> _Your goal_:
A word-for-word copy of the records that follow is needed, with every picture omitted.

(Short web captions)
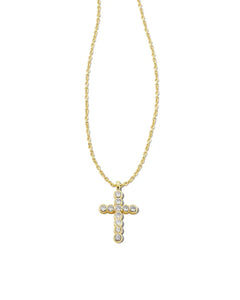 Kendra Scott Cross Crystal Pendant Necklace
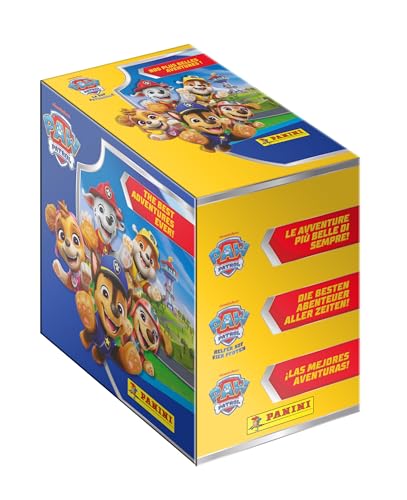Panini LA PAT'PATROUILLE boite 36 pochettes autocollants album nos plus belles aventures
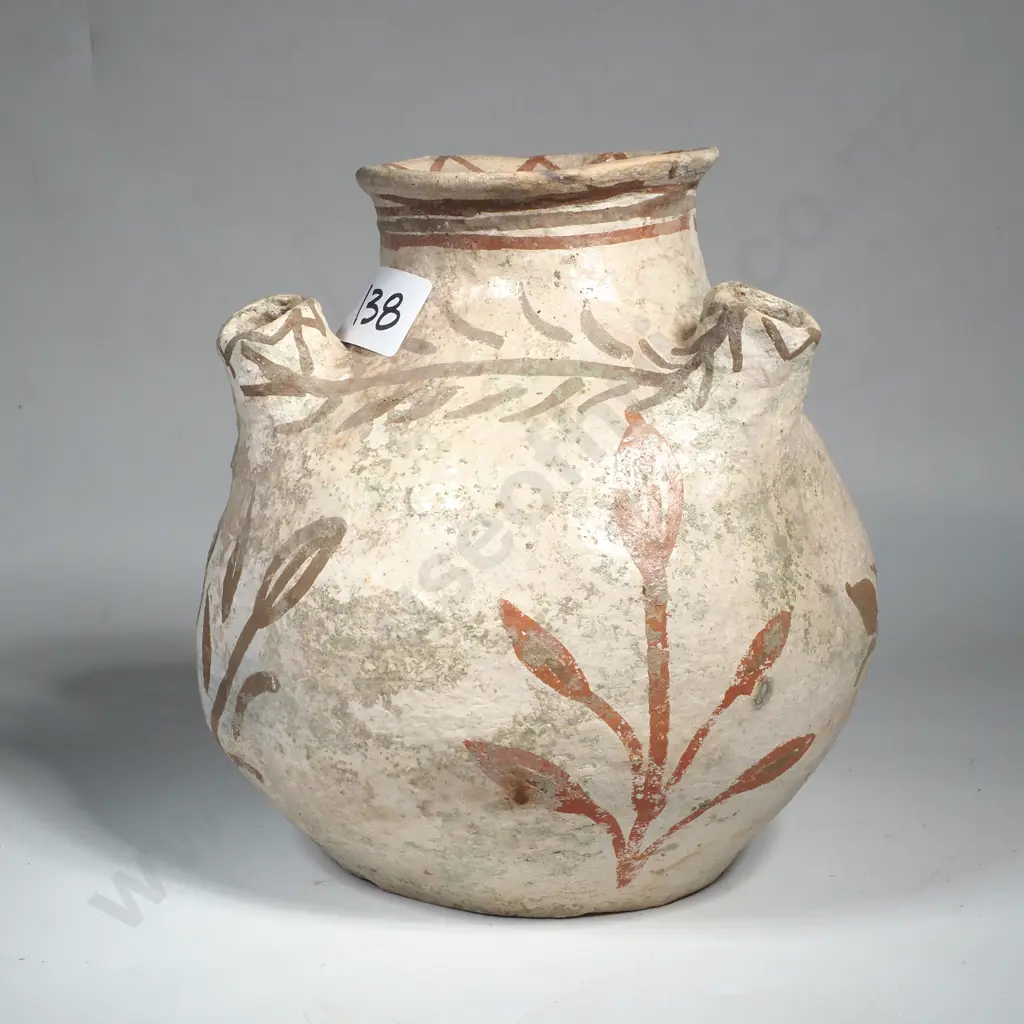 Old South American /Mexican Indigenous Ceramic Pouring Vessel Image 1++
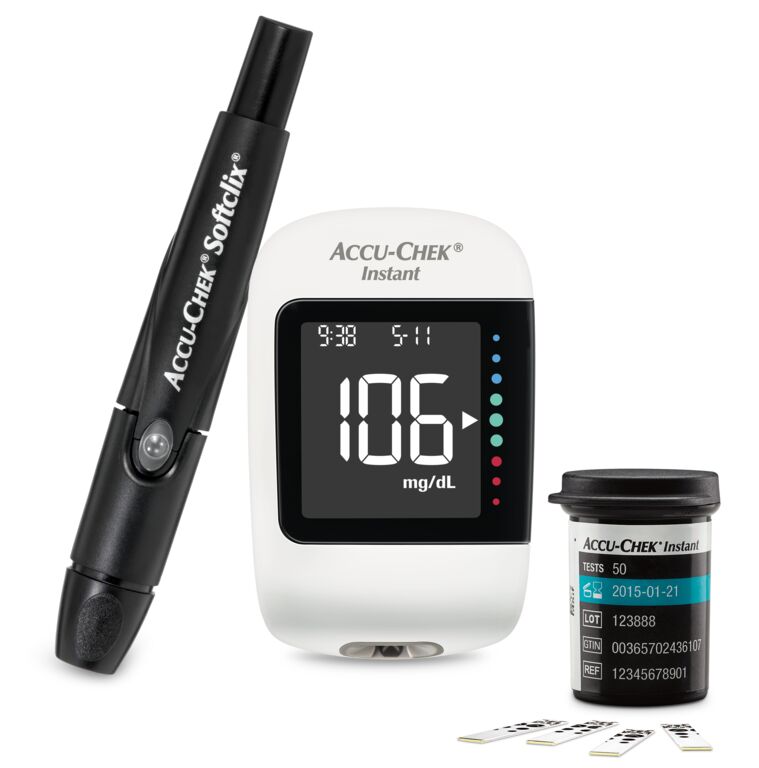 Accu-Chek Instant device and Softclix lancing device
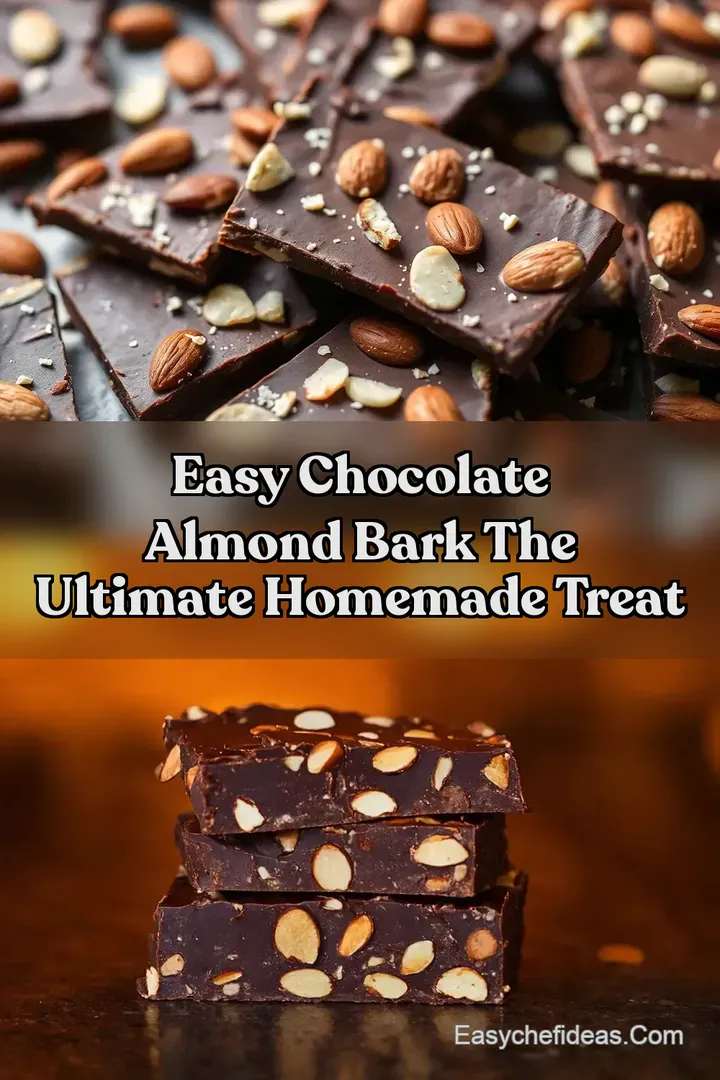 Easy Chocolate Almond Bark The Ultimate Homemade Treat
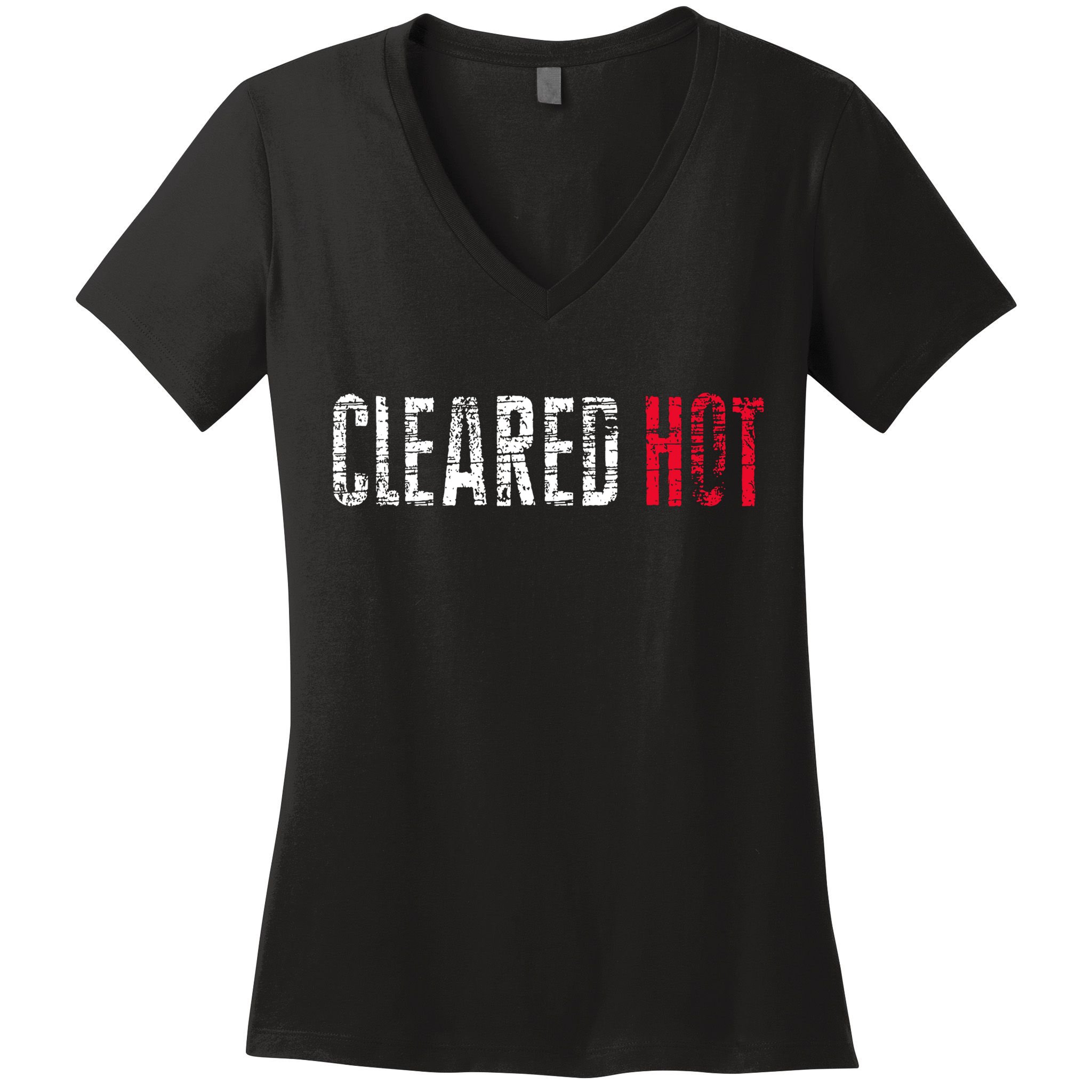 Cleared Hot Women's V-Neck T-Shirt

> _Output for this exercise_:
 Kendra Scott Cross Crystal Pendant Necklace
Panini LA PAT'PATROUILLE boite 36 pochettes autocollants album nos plus belles aventures
 Old South American /Mexican Indigenous Ceramic Pouring Vessel Image 1++
 Accu-Chek Instant device and Softclix lancing device
 Easy Chocolate Almond Bark The Ultimate Homemade Treat
 Cleared Hot Women's V-Neck T-Shirt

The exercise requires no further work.